In Finland, Metsä Group only purchases pine, spruce and birch, as well as aspen with a diameter of less than 40 centimetres. This policy has been in force since June 2022. Sturdy aspen and other broadleaved trees that are rarely found in forests, such as the great sallow, bird cherry, rowan and alder, will be left in the forest. They are key tree species that support a diverse range of living organisms.

Pine, spruce and birch account for 97 per cent of the volume of Finnish forests. With all the other tree species accounting for the remaining three per cent, it is important to preserve and increase the volume of rare broadleaved trees – for the sake of forest nature and our adaptation to climate change. Species richness is thought to improve forests’ ability to remain healthy and thrive in a changing environment.

Different trees are favoured by different species. For example, the great willow, which flowers early in the spring, is important to pollinators. The trees that are retained form diverse range of species that remain across rotation periods and contribute to the generation of decaying wood in commercial forests.

Applicable to standing and delivery sales

The policy on rare broadleaved trees applies to both standing and delivery sales.
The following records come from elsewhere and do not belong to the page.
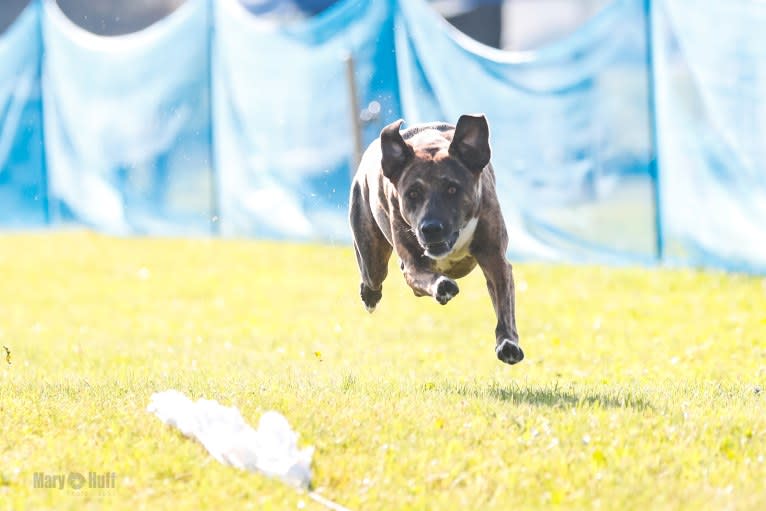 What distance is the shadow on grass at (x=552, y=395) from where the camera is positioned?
6.57 meters

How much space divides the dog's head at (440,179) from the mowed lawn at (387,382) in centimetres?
88

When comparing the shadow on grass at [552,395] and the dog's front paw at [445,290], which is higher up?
the dog's front paw at [445,290]

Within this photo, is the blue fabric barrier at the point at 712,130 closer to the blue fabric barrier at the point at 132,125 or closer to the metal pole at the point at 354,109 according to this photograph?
the metal pole at the point at 354,109

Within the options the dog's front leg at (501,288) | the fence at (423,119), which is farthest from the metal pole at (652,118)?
the dog's front leg at (501,288)

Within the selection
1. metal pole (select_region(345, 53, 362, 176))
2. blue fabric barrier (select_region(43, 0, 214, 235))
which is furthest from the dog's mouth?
blue fabric barrier (select_region(43, 0, 214, 235))

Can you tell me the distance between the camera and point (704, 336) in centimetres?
1041

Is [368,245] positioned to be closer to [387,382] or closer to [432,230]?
[387,382]

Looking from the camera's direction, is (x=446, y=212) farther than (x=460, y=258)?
No

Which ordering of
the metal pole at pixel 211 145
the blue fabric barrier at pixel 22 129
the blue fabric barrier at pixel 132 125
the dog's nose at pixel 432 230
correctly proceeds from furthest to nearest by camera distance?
the blue fabric barrier at pixel 22 129 < the blue fabric barrier at pixel 132 125 < the metal pole at pixel 211 145 < the dog's nose at pixel 432 230

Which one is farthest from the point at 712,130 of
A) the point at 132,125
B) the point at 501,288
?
the point at 132,125

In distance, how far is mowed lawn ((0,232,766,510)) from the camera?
5.24m

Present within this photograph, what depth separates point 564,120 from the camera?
13062mm

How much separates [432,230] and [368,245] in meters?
1.40

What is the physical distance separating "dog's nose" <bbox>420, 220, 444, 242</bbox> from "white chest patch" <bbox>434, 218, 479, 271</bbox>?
0.12 meters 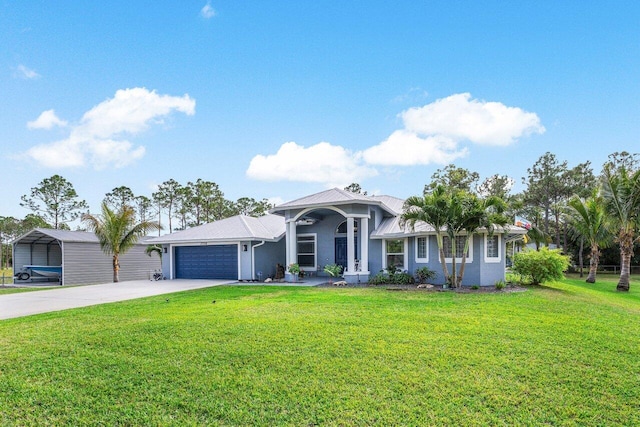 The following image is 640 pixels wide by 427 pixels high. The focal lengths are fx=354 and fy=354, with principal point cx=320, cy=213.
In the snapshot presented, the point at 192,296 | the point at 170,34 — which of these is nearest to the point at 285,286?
the point at 192,296

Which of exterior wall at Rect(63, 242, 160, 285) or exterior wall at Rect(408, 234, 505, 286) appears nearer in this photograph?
exterior wall at Rect(408, 234, 505, 286)

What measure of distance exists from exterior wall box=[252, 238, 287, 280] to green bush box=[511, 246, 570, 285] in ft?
38.2

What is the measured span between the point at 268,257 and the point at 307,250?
2123 mm

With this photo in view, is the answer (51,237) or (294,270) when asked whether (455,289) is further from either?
(51,237)

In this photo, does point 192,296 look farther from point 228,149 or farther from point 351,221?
point 228,149

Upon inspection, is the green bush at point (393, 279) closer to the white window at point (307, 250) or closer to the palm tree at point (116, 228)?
the white window at point (307, 250)

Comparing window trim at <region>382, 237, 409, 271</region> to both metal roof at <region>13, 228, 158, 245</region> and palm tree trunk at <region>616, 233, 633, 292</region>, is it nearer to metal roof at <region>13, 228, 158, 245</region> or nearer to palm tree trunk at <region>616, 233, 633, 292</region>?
palm tree trunk at <region>616, 233, 633, 292</region>

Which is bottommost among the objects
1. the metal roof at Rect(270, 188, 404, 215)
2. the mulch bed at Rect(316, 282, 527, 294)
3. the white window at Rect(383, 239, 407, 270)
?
the mulch bed at Rect(316, 282, 527, 294)

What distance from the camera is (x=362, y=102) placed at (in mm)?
16797

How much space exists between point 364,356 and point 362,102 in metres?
13.7

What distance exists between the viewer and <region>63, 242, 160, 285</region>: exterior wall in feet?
66.8

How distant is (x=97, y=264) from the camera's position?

If, in connection with felling, owner-members wish the rarer broadleaved trees to be felled for their own firewood use, it can be done the same way as before. However, this is not recommended due to biodiversity aspects.

In connection with young forest management and preliminary clearing, rarer broadleaved trees can also be felled, but Metsä Group will not purchase them for energy production. Nevertheless, the forest owner can make such trees into firewood or sell as energy, if they wish.

Metsä Group performs young stand management in accordance with the best practices for forest management. At different stages of young stand management, a suitable number of broadleaved trees are left in the forest to promote the establishment of mixed forests. For example, a mix of broadleaved trees has been shown to improve tree growth in spruce-dominated forests. Ideally, broadleaved trees that are rarely found in forests are worth to be assigned as retention trees in the early stages of forest management.